If it's popular with ramblers I'd sell cream teas.

To the OP

No doubt the person who sold the house kept the land for a purpose. Either they want to use it, or they see future value in selling it that is greater than selling it with the property. Perhaps they see selling it to you now - to remove annoyance - or to you when you try to sell as the access will prove a disincentive to some purchasers; or if not to you to some future owner of your property in order to remove the 'access issue'.

Perhaps they see a development potential,

or perhaps they just want to be annoying - since there are people like that. Were you on good terms previously ?

I had to sell a property once where the garage was behind. This and the neighbouring property shared the drive between them.
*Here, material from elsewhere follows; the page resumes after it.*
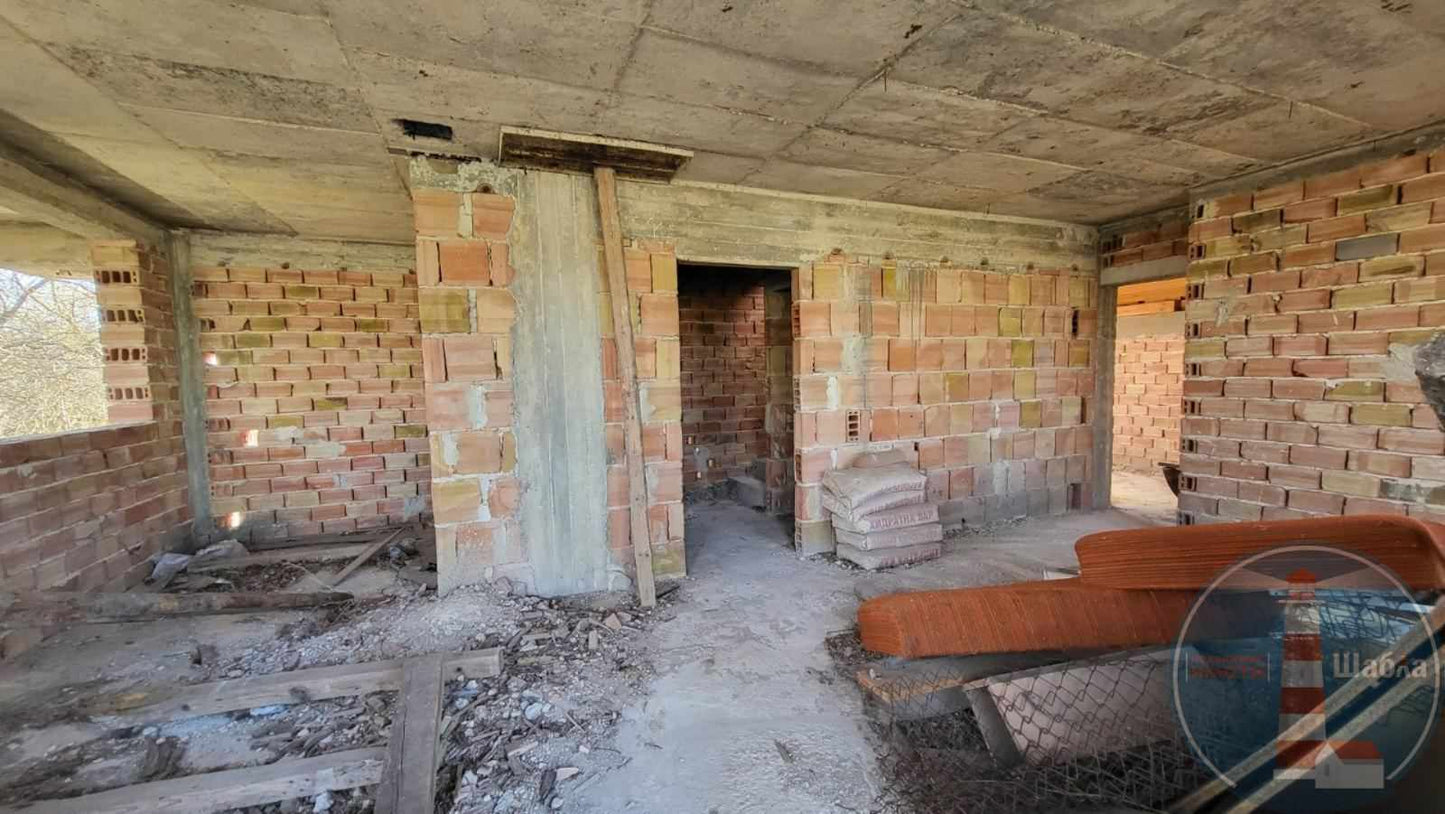 КЪЩА В С.БОЖАНОВО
The drive belonged to the neighbour but the house I was selling had the right to 'pass and repass" over the drive to access the rear garden; it had this right to access since the 17C - although nothing formal since the original deeds. As there was no on road parking the access to the rear and the garage was useful. Likewise, the drive could become an excellent parking bay for the neighbour- but of course this would hinder the 'inconvenient' right to pass and repass

The neighbours became right ****. They first put up locked gates half way up the drive, then built a low brick wall, then, after I'd taken a sledge hammer to that one midnight, they planted a rock garden in the drive; all prevented access to the garden and garage, but did not prevent their ability to use the drive as a parking bay, or access their back garden. It delayed the house sale by 2 years and cost a mint to resolve - the neighbours lost of course and the new written agreement means they cannot park or block the drive for a minute without permission - so it turned out worse for them in the long run as before there was a very flexible arrangement.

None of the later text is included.